▸ **TASK DESCRIPTION**:
Nothing should appear in the answer except the lines below from the line containing "Bridalveil Falls in" through the line containing "ARCORA 1.79 in.", copied exactly, with pictures left out.

▸ **RECORDS SUPPLIED**:
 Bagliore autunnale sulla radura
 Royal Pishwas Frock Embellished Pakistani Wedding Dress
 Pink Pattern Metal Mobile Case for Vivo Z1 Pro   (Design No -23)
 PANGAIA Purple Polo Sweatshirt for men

---

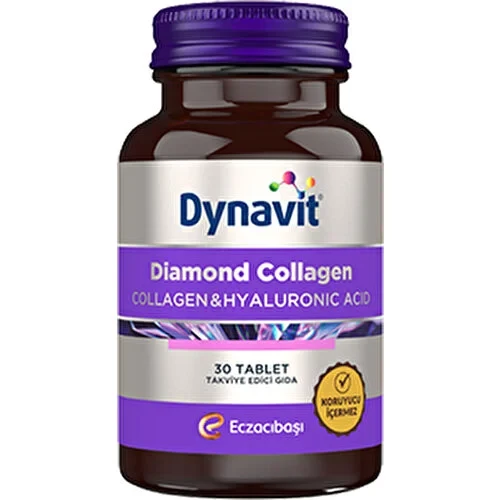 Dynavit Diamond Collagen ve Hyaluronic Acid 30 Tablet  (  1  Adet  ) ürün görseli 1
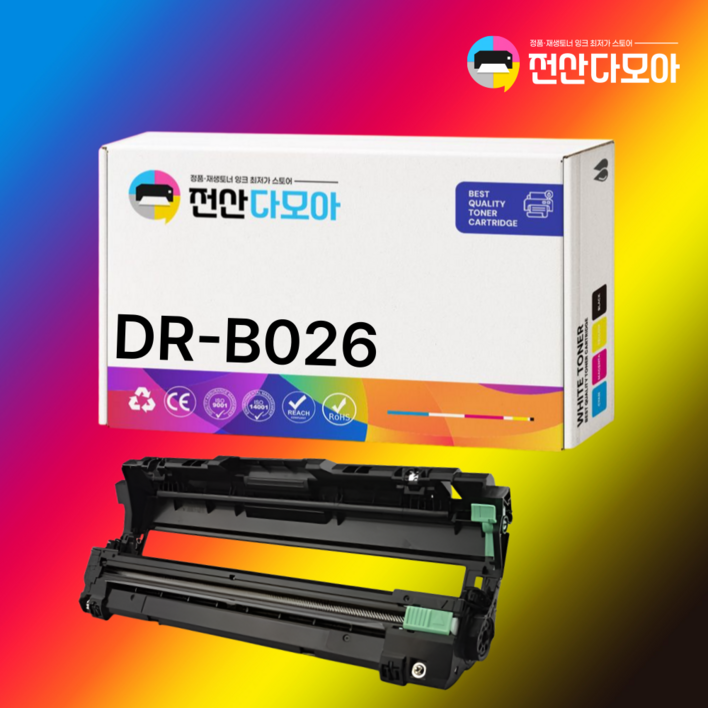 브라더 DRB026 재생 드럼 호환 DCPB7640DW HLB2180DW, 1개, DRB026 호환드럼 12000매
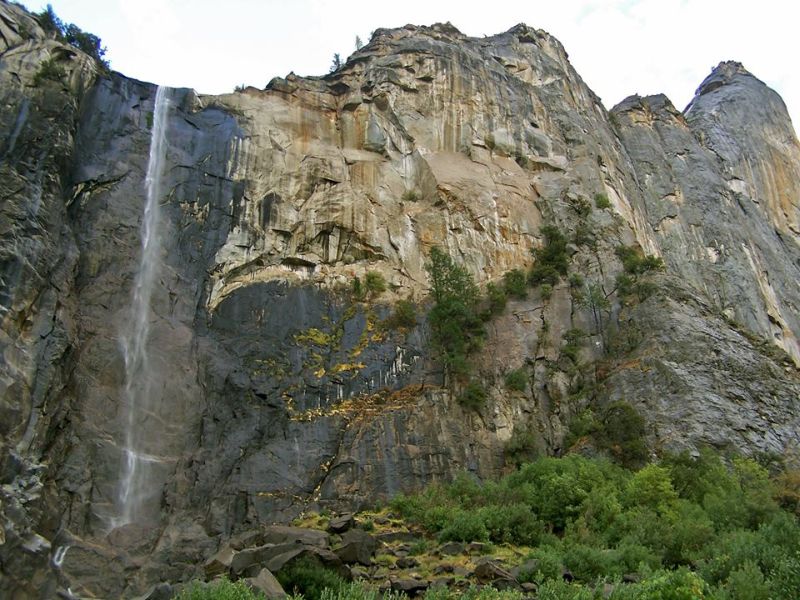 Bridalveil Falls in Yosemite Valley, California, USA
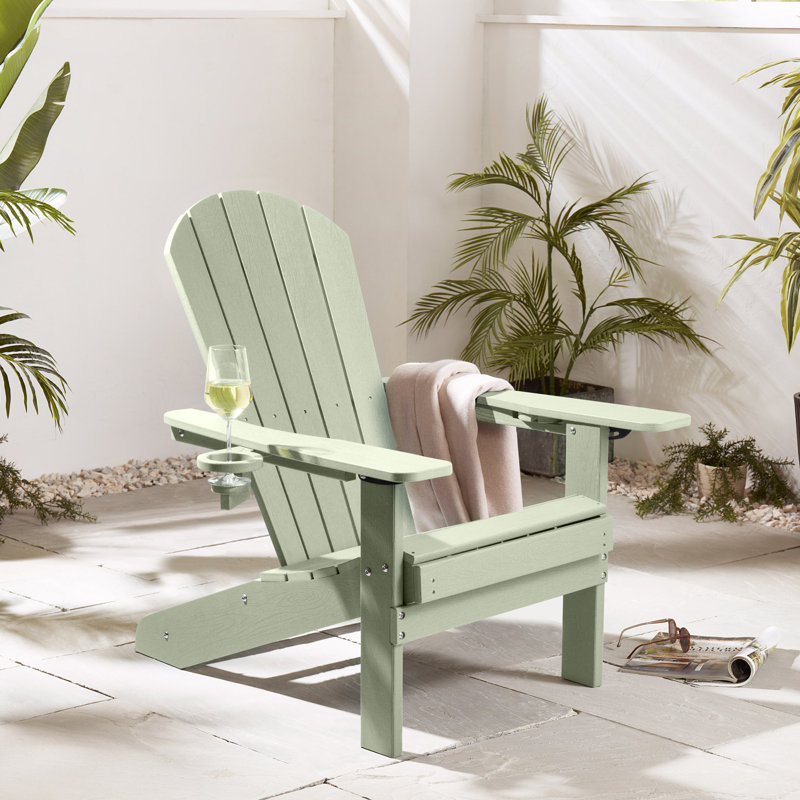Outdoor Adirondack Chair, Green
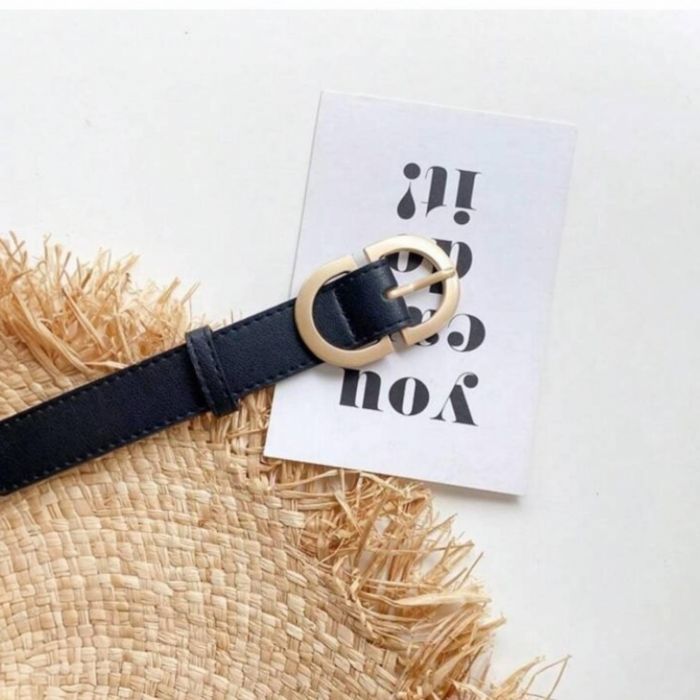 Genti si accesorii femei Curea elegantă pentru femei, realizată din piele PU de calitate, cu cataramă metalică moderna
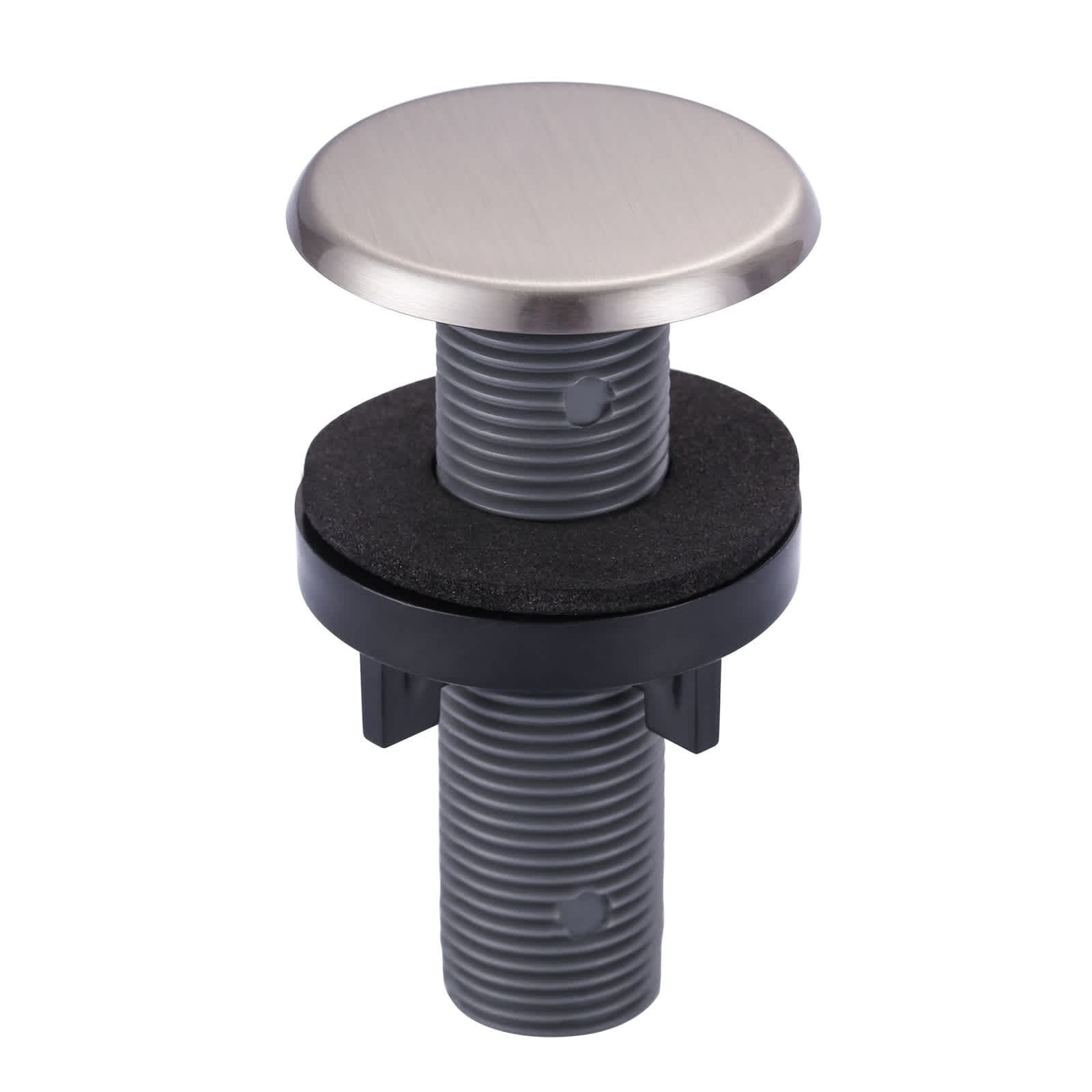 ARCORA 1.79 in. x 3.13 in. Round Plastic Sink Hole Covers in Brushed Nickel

--

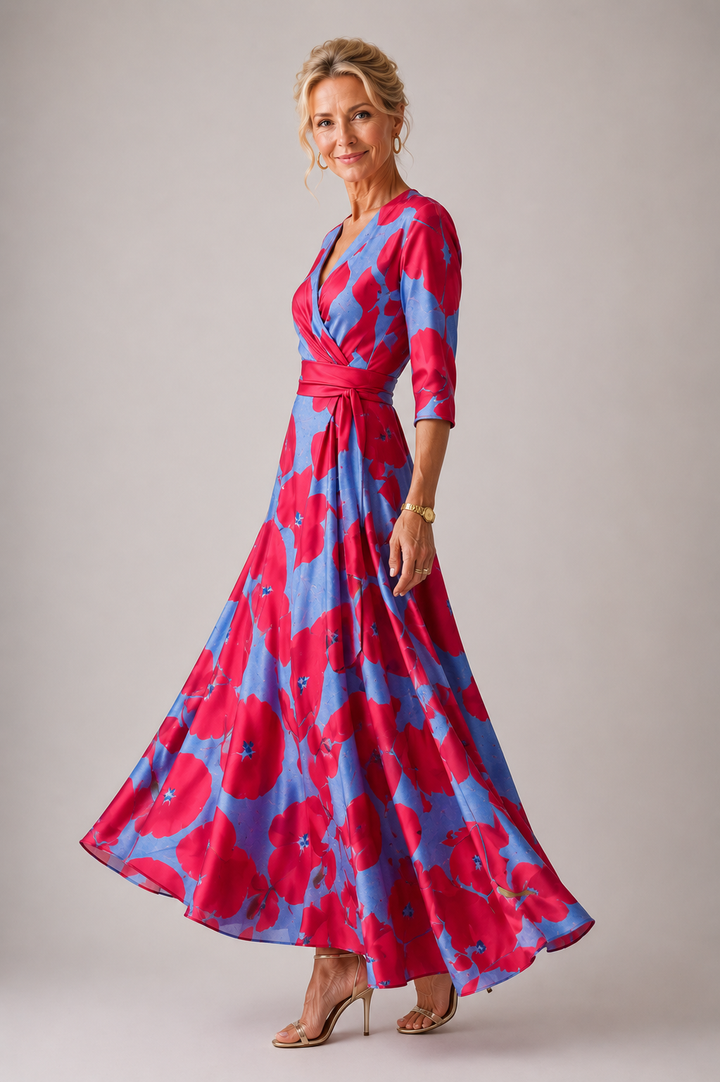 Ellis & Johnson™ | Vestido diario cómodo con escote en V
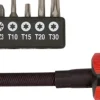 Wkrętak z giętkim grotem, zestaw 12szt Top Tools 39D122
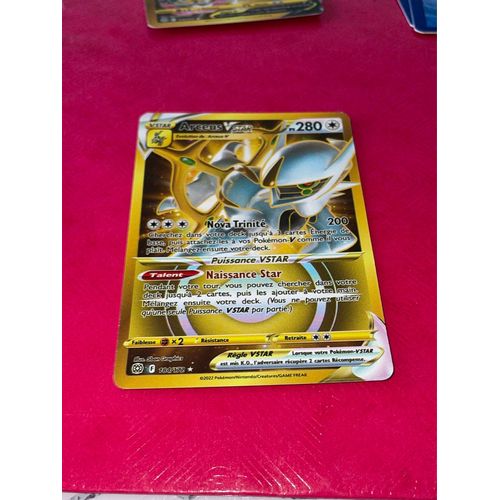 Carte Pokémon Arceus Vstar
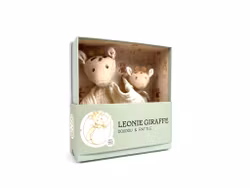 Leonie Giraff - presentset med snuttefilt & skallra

▸ **ANSWER AREA**:
 Bridalveil Falls in Yosemite Valley, California, USA
Outdoor Adirondack Chair, Green
 Genti si accesorii femei Curea elegantă pentru femei, realizată din piele PU de calitate, cu cataramă metalică moderna
 ARCORA 1.79 in. x 3.13 in. Round Plastic Sink Hole Covers in Brushed Nickel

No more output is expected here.